I discuss the Sidon river quite a bit in my long threads that you don't have time to read.
Joseph Smith, early Mormons, and the 19th century are important to understanding the Book of Mormon in every other way besides geography. That's an interesting position.
User avatar
dan vogel
Sunbeam
Posts: 68
Joined: Wed Dec 09, 2020 1:37 am

Re: Book of Mormon Geography

Post by dan vogel »

Shulem wrote:
Tue Aug 02, 2022 2:36 pm
dan vogel wrote:
Tue Aug 02, 2022 1:45 am
As to actual cities, Joseph Smith didn't care about the locations of his imaginary cities, because he didn't think that far into the future when archaeology would develop.

I disagree. I think Joseph Smith carefully planned what he wanted in his novel before he wrote it and considered the implications and what might come of it once he released it. He carefully placed all the cities on the main body of the land where there is a clear pattern between them and the seas. There are three main factors or what I call the ABC’s for the mainland south of the narrow neck:

A = Land of Nephi (South)
B = Zarahemla (Midland)
C = Bountiful (North)

I have carefully studied how these cities intermingle and are geographically placed on the map using time, space, and distance. Joseph Smith did the same and he used Delmarva as his template which assisted him in keeping it all together within his complex presentation -- which he dictated out of a hat.
Of course, Joseph Smith had to be careful not to create internal contradictions, but he didn't care about how specific cities would correlate to the real world. He just have to stay within what was considered the overall pattern of ancient settlement, that is, ruins in Peru, Mexico and Central America, and fortification and earth mounds in North America.
User avatar
dan vogel
Sunbeam
Posts: 68
Joined: Wed Dec 09, 2020 1:37 am

Re: Book of Mormon Geography

Post by dan vogel »

Shulem wrote:
Tue Aug 02, 2022 2:48 pm
dan vogel wrote:
Tue Aug 02, 2022 1:45 am
The distance (12 days) between Zarahemla and Nephi has nothing to do with the overall size of the land.

Oh but it does! It’s an important clue in plotting how POINT A relates to POINT B exactly how Joseph Smith visualized it and measured it in his mind based on the map he chose to place his story. Point A in reference to point B then takes us to POINT C (Bountiful) as well as the other cities surrounded by the East & West coasts described by the text. The main body of the land was nearly surrounding by sea -- ocean blue. It’s the text that counts!
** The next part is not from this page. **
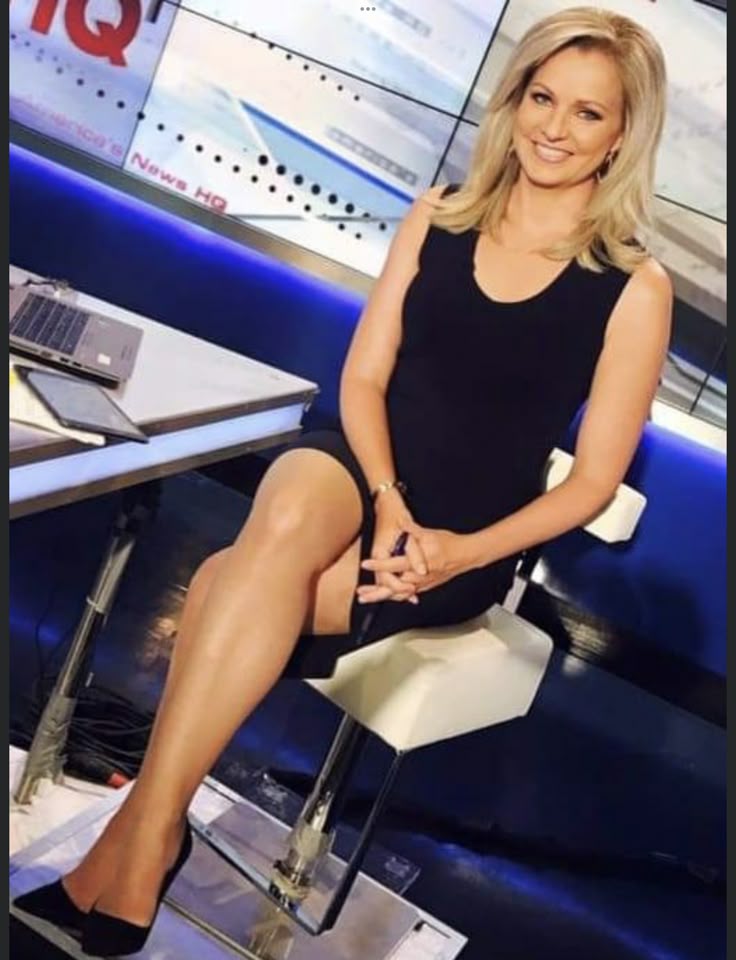 cari evans like sandra smith legs photo bertina chan recommends sandra smith legs pic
That is what I go by!
Again, of course, Joseph Smith had a mental map and was careful not to contradict himself, but internal relative distances do not tell us how big or small the land southward was. Besides, even if such information existed, it can't be used to disqualify hemispheric geography. How far could Joseph Smith travel in twelve days?
User avatar
dan vogel
Sunbeam
Posts: 68
Joined: Wed Dec 09, 2020 1:37 am

Re: Book of Mormon Geography

Post by dan vogel »

Shulem wrote:
Tue Aug 02, 2022 2:57 pm
dan vogel wrote:
Tue Aug 02, 2022 1:45 am
The east coast would not necessarily be Brazil, but Columbia or Venezuela, as the early Mormons imagined it. George Reynolds, If I recall correctly, made a map of South America with Book of Mormon sites. Locations are in his Book of Mormon concordance.

Then George Reynolds was a dodo, a fool. He didn’t know up from down or east from west and was lost in his own silly imagination. I would love to have a conversation with him and explain to him that he doesn’t know what he’s talking about when it comes to Book of Mormon geography as outlined within the text. Now, I know that sounds a bit rude, but I have a firm handle on this discussion and I tend to think there are some smart LDS apologists who will back me on this. The Book of Mormon text is what counts! Period. To heck with Reynolds.
My point about Reynolds is that anyone can place names on any map relative to what the Book of Mormon describes, regardless of the overall geography. If you look at a map of South America, you will see that Brazil is not the only or even the best choice.